Data from Amazon's Lawn and Garden department was analyzed to determine if having a paid Vine review makes a difference in the percentage of 5-star reviews. The Extract, Transform, and Load (ETL) process was used on the Amazon Lawn and Garden dataset. An AWS RDS database was create and the Lawn and Garden dataset was uploaded into an S3 bucket. pgAdmin was utilized to connect to AWS, and pySpark and postgreSQL were used against the data set to create four separate DataFrames to match the table schema in pgAdmin. The transformed data was then uploaded into AWS RDS.
- AWS
- RDS
- S3
- Python
- pySpark
- Pandas
- Google Colaboratory
- Jupyter Notebook
- pgAdmin
- Data
The Vine table was exported from pgAdmin and Python Pandas was used against the data. The Vine table contained 1,048,575 rows of data.
The Vine table data was transformed to show only reviews where there were 20 or more reviews for the product.

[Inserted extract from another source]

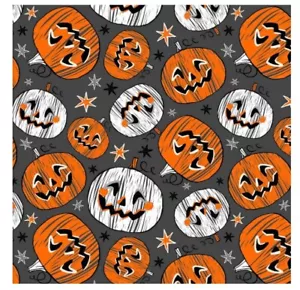 David Textiles, 21" x 18" 100% Cotton Fabric, Halloween, Comic Pumpkins - Picture 1 of 1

This new Pandas DataFrame reduced the dataset to 8,488 rows of Lawn and Garden Amazon reviews.
This data set was further reduced to show only rows where helpful_votes was greater than or equal to 50% of helpful_votes divided by total_votes. This gave 7,801 rows. The parameters used against the Vine table resulted in a 99% reduction in data.
Two new Pandas DataFramse were created to retrieve all rows where the review was part of the Vine program and to retrieve all rows where the review was not part of the Vine program. This resulted in 91 paid reviews and 7,710 unpaid reviews.
Paid Reviews | Unpaid Reviews |
---|---|
Of the paid Vine reviews, only 43 were 5-star reviews. Out of the unpaid reviews, 4,040 were 5-star reviews.
Paid 5-Star Reviews | Unpaid 5-Star Reviews |
---|---|
Paid Vine 5-star reviews accounted for 47.25% of the data, whereas 52.4% were unpaid 5-star reviews.
% of Paid 5-Star Reviews | % of Unpaid 5-Star Reviews |
---|---|
Based on analysis of the sample selected from the Amazon Lawn and Garden reviews, Vine reviews did not appear to affect 5-star reviews. There were slightly more 5-star reviews from unpaid reviews.
Additional analysis should be conducted against multiple Amazon review datasets, with the same parameters that were used against the Lawn and Garden dataset. Other datasets could show that Vine reviews are more likely to give 5-star product reviews. It would also be interesting to determine if male or female are more likely to leave a review in general versus how likely are they to leave a 5-star review as a Vine member or unpaid reviews.